I am having an issue with a website's format causing certain information within a container to have different index numbers from one search result to the next.
I am scraping pieces of data from search results. The location/Index Numbers are different in a few cases.
Basically, the exact text I need scraped from the html below is "7XB21".
<dl class="last">
::before
<dt>Part Code:</dt>
<dd>
"7XB21"
<span class="separator">,</span>
< /dd>
<dt>Weight:</dt>
<dd>97</dd>
</dl>
This is easy to do the with Python code below, as it gets me the result I need which is "7XB21"
modelcode_container = container.find_all("dd")
modelcode = (modelcode_container[5].text)

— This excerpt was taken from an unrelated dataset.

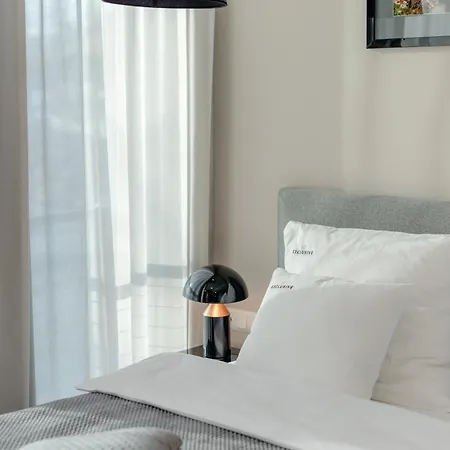 Inqse Marina アパートホテル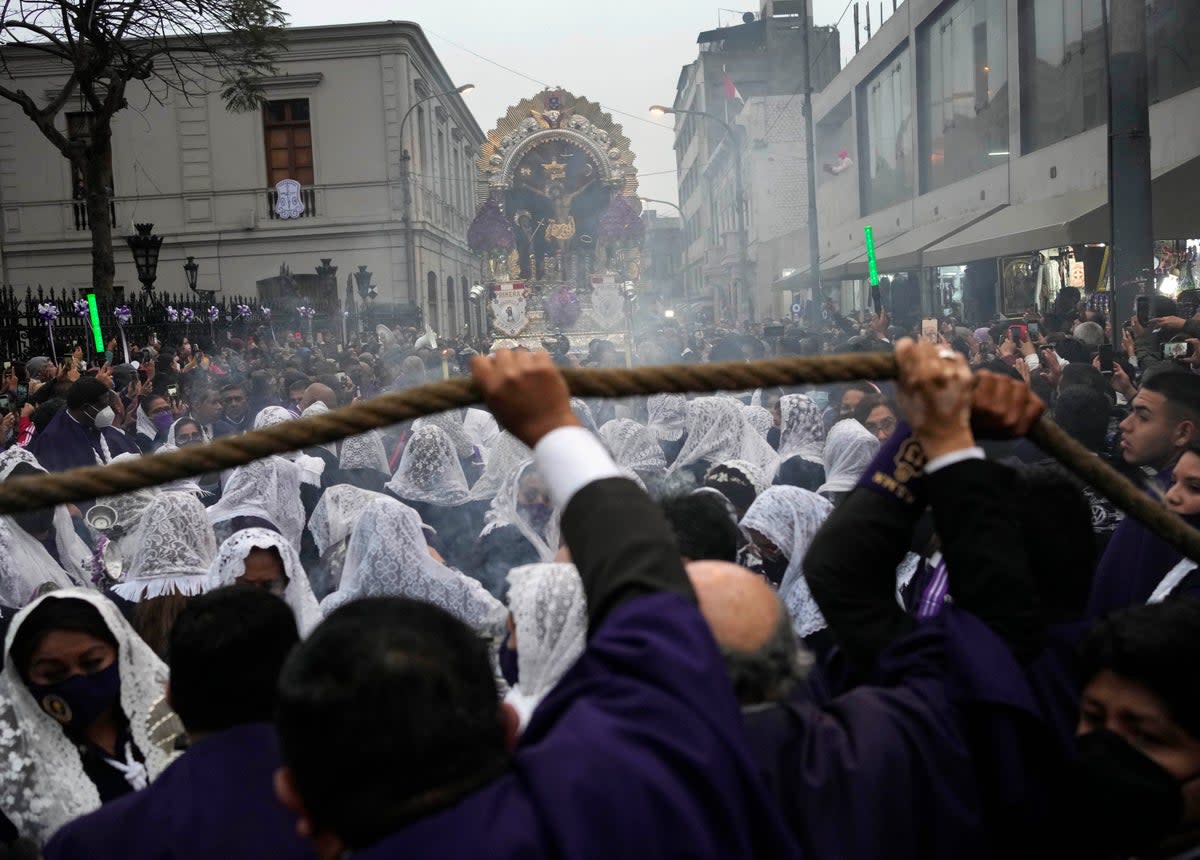 APTOPIX PERÚ-SEÑOR DE LOS MILAGROS (AP)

HOWEVER! Some of the HTML code scraped, while being structured the same, lacks some information which the above example shows. Here is an example of the troublesome HTML:
<dl class="last">
<dt>Stock id:</dt>
<dd>c12
<span class="separator">,</span>
</dd>
<dt>Part Code:</dt>
<dd>
"8B727"
<span class="separator">,</span>
</dd>
<dt>Weight:</dt>
<dd>102</dd>
</dl>
Do you see the difference? I would need to specify a different index number to capture the proper data which is "8B727" in this case.
I am not sure how to go about setting that up, any help would be appreciated. Thank you!
If you are certain that <dt>Part Code:</dt>
occurs before that you could use find_next_sibling() to get the dd
tag next to it.
soup.find('dt',text="Part Code:").find_next_sibling('dd')